In Grimmer v. Tenement House Department (205 N.Y. 549), the court said (p. 550): "There is no question that the practical construction of a statute by those for whom the law was enacted or by public officers whose duty it is to enforce it, acquiesced in by all for a long period of time, is of great importance in its interpretation in a case of serious ambiguity".Summary of this case from People ex Rel. Provident Loan Soc. v. Chambers
Submitted March 18, 1912
Decided April 2, 1912
The motion for a re-argument must be denied in accordance with well-established rules. Reference is made on this motion to additional provisions of the Building Code as opposed to the construction which we have adopted. We have been unable to consider that Code in its entirety, for while it was introduced in evidence on the trial, only a few sections were printed in the record and called to our attention, and we are unable to take judicial notice of its provisions.
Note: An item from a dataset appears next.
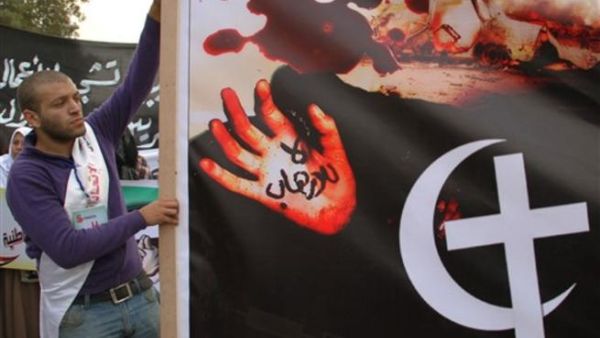 تظاهرة في مصر تندد بالهجوم على الكنيسة القبطية/أ.ف.ب 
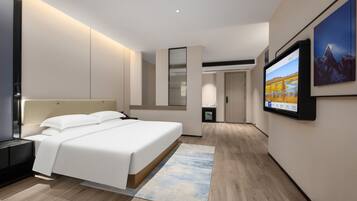 Luxury Double Room | Desk, laptop workspace, blackout drapes, soundproofing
The corporation counsel earnestly urges in substance that for many years the construction now urged by him of the various statutes and ordinances has been adopted and followed by the municipal authorities and has been generally acquiesced in and relied upon and that to overthrow this construction will result in confusion. There is no question that the practical construction of a statute by those for whom the law was enacted or by public officers whose duty it is to enforce it, acquiesced in by all for a long period of time, is of great importance in its interpretation in a case of serious ambiguity. ( Chicago v. Sheldon, 9 Wall. 50, 54; City of New York v. N.Y. City Ry. Co., 193 N.Y. 543.) But whatever competent and convincing facts or evidence there may be within this rule concerning the matters here involved, it is sufficient for the purposes of this motion to say that no such evidence was introduced or principle urged on the trial and argument of this case, and, therefore, upon this appeal we have been and now are unable to take into account any such consideration.
CULLEN, Ch. J., GRAY, HAIGHT, VANN, WERNER, HISCOCK and COLLIN, JJ., concur.
Motion denied, with ten dollars costs.